Hace alguna temporada que andaba dándole vueltas a esto de hacerme un blog personal y comentar, con quien quiera que se deje caer por aquí, las cosas que se me ocurren; pero nunca terminaba de decidirme.

La cuestión es puramente narcisista ya que ya comparto con unos amigos un pequeño espacio donde hablamos de nuestras cosas, pero no me es suficiente: necesito más protagonismo.

Quizás sea que debería comprar un perro o echarme novia (y perdón por la comparación, espero que nadie se sienta ofendido: a mí los animales me encantan) de esa manera seguro que llevaría una vida más sana y mucho más social, no tan pegado a una pantalla y con preocupaciones mucho más elevadas que leer y ser leído por gente que, como yo, adora a los animales y a las relaciones con seres vivos del sexo opuesto (y, en algunas circunstancias y países, del mismo sexo) pero carece del tiempo y la dedicación necesarios para profundizar en las cosas que realmente importan.
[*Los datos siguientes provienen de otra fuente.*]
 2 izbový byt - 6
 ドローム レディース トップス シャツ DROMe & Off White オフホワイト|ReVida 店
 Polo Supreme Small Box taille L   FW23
Pero centrándonos de nuevo en mí, que es lo que pretendo desde un principio, el otro día me lamentaba con un amigo de que desde que las nuevas tendencias tecnológicas han asaltado mi vida ya no tengo fotos de mis amigos pegadas en la puerta ni guardo cartas en el cajón de mi mesita de noches; por dios! ya ni escondo una Penthouse entre los apuntes de clase y es que ni siquiera tengo los apuntes escritos en papel.

En este frío nuevo orden digital estaba el otro día haciendo un poco de limpieza y poniendo cada cosa en su sitio cuando me encuentro unas cartas que, por casualidad, habían sobrevivido en el olvido al paso del tiempo y a las múltiples limpiezas con las que a veces castigo a mis recuerdos.

No sé si es válido, más o menos, el alegar que uno empieza a añorar las cosas que van quedando atrás y que por eso las escribimos y las compartimos haciendo partícipes de nuestros secretos, no sólo a Sandra, si no tanta otra gente que lea y responda a estas nuestras cartas.

Por eso, hoy he empezado a escribir un blog.